Há exatos 350 anos. Spinoza já estava levando as primeiras pedradas por ter - entre outras heresias - publicado o Tratado Teológico-Político (em 1670). Os liberais modernos ainda não descobriram que, no capítulo 20 do Tratado, Spinoza escreveu (20 anos antes de Locke) que o sentido da política não é a ordem e sim a liberdade, recuperando assim o liberalismo originário dos democratas atenienses. Imagem: óleo sobre tela de Samuel Hirszenberg (1907), Excommunicated Spinoza.
Quando digo que sou liberal muitas pessoas não entendem. Por ignorância ou má-fé algumas concluem que sou neoliberal, seguidor de alguma doutrina do liberalismo-econômico; ou seja, que defendo redução do Estado, privatizações, novas leis para favorecer os ricos e não estou nem aí para os pobres.
Outras, mais ilustradas, mas que ainda pensam com categorias do século 20, acham que não basta se dizer liberal se não se colocar as palavrinhas mágicas: "social" ou "progressista" ou mesmo "de esquerda". Então eu teria que declarar que sou um social-liberal, um social-democrata ou um socialista democrático - do contrário serei um insensível capitalista, explorador do povo (e, por extensão, um aliado do imperialismo norte-americano ou do neocolonialismo europeu).
Quando usam a palavra 'social' em geral as pessoas não têm noção do que estão falando, não sabem que social não tem a ver com pobre, com povo ou com qualquer tipo de coletivismo: social não designa uma coleção de indivíduos e sim o que acontece entre eles para que se tornem pessoas.
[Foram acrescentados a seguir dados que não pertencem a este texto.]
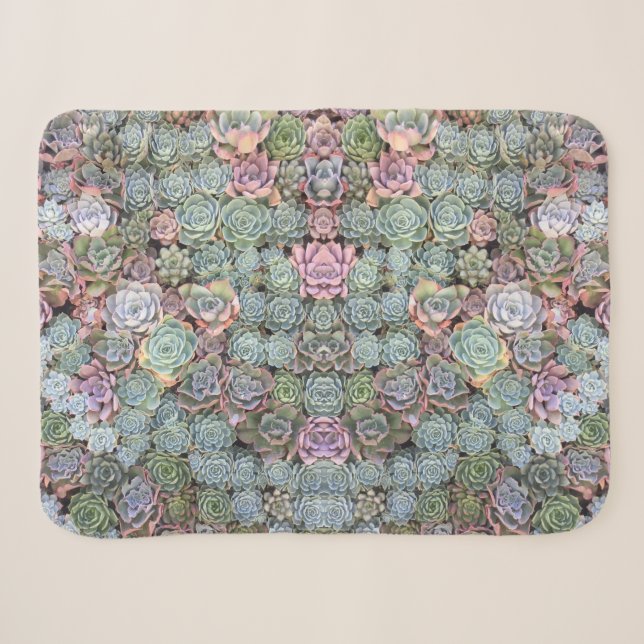 Bunter saftiger Pastellgarten Sherpadecke (Vorderseite (Horizontal))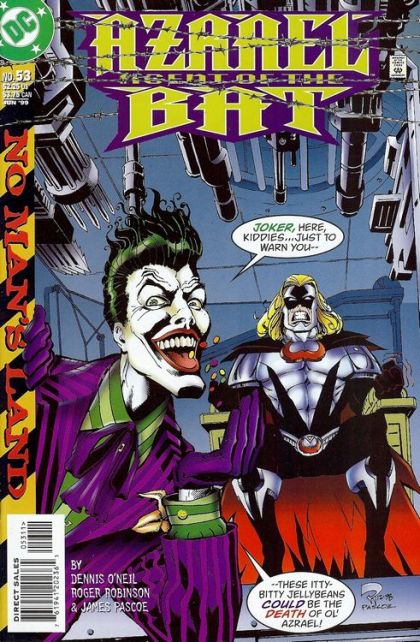 Azrael, Vol. 1 No Man's Land - Jellybean Deathtrap |  Issue#53 | Year:1999 | Series:  | Pub: DC Comics | Roger Robertson Regular Cover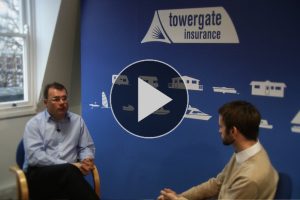 Edward Cross from Towergate Insurance (right) explains how to handle a caravan fire claim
E não entendem que quando digo que sou liberal, já estou dizendo que sou um democrata radical. Porque não sabem mesmo que a raiz política do termo liberal é tomar a liberdade (e não a ordem) como sentido da política. Pensam que o liberalismo é uma doutrina que começou com Locke no século 17, mas nem desconfiam que, vinte anos antes, Spinoza já havia recuperado esse sentido originário da palavra liberal que caracterizava a posição dos democratas (radicais) atenienses do século 5 a.C. fornecendo a base teórica para uma segunda invenção da democracia.
Para encurtar a conversa e para todos os efeitos práticos, quando digo que sou liberal estou dizendo que não sou populista, que não sou antipluralista e que não sou estatista. Mas não ser estatista, não ter uma visão estadocêntrica do mundo, não significa ter uma visão mercadocêntrica. Os que acham isso pensam que a sociedade (ou a comunidade) não existe, não é uma forma autônoma de agenciamento, ao lado do Estado e do mercado.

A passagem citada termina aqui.